** Opening Provided data block **

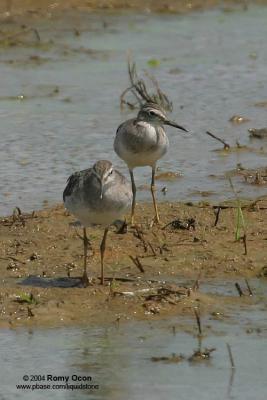 Wood Sandpiper

Scientific Name - Tringa glareola

Habitat - Exposed shores of marshes, ponds and in ricefields.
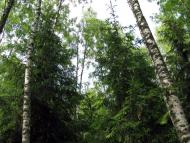 Михальчина-Слобода з panoramio.com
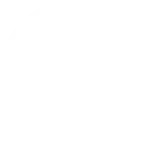 wordpress-icon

** Closing Provided data block **

:: Description of the task ::
For this task, give again exactly the lines from the line with "Scientific Name - Tringa glareola" through the end of the entries, including both ends, and omit the pictures.

:: Answer box ::
Scientific Name - Tringa glareola

Habitat - Exposed shores of marshes, ponds and in ricefields.
 Михальчина-Слобода з panoramio.com
 wordpress-icon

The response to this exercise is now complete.